Pedro Bazaliza, Alternativa e Responsabilidade, 2015.10.07

O conceito de “animal político” que leva tudo à frente deixou de personificar o modelo de sucesso na política em Portugal. Ao invés, o modelo de sucesso do futuro irá ser corporizado por quem possua fortes traços de carácter, quem é simples e modesto, quem demonstra não possuir uma agenda pessoal, quem demonstra querer levar a corrida até ao fim, e quem melhor percebe que viver em democracia implica conseguir caminhar com quem pensa diferente.

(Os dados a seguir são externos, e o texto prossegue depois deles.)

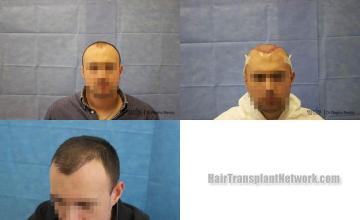 Hair restoration procedure before and after results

Sendo a música agora outra, o estilo durão de quem berra mais alto e o estilo messiânico de quem decretou ter de ter um lugar na história deixou de pagar os mesmos dividendos na nova melodia, sendo a afabilidade assistida pelo forte carácter e quem aceita as circunstâncias condição primeira que determinará quem mais sucesso terá. Como segunda condição temos a modéstia, pois é esta que nos permite não cair nas armadilhas, como por exemplo retirar vantagens negociais desproporcionadas quando o parceiro de negociação está mais debilitado, como pode vir a ser o caso do PS nos dias de hoje. Que se evitem as vantagens de curto prazo que poderão sair caras mais à frente.
A vida dos povos é melhor servida quando o ritmo imprimido corresponde ao ritmo de uma corrida de fundo, pelo que a arte de levar a corrida até ao fim com o menor número de percalços é condição necessária para o desenvolvimento harmonioso. Os sprints, mais talhados para o egoísta, o impreparado, e o radical, emprestam pouco e só servem para inundar de ilusão os povos, gerando a prazo frustrações de que a ressaca que vivemos é disso sintoma. Assim, e atendendo ao novo quadro político de Portugal, para que o ritmo seja de uma corrida de fundo, devem os participantes com espírito de serviço, preparado, e ponderado, ter a noção de que lhes cabe a responsabilidade de se envolverem com o outro, e, em conjunto, desenvolverem ideias com base nos seus diferentes pontos de vista. E isso é melhor conseguido se trabalharem de forma independente dos esquemas alimentados pelas suas facções e com um espírito liberto de agendas mais ou menos obscuras.
O que acima se disse não exige mentes brilhantes ou inteligências raras. Exige simplesmente sabedoria e simplicidade.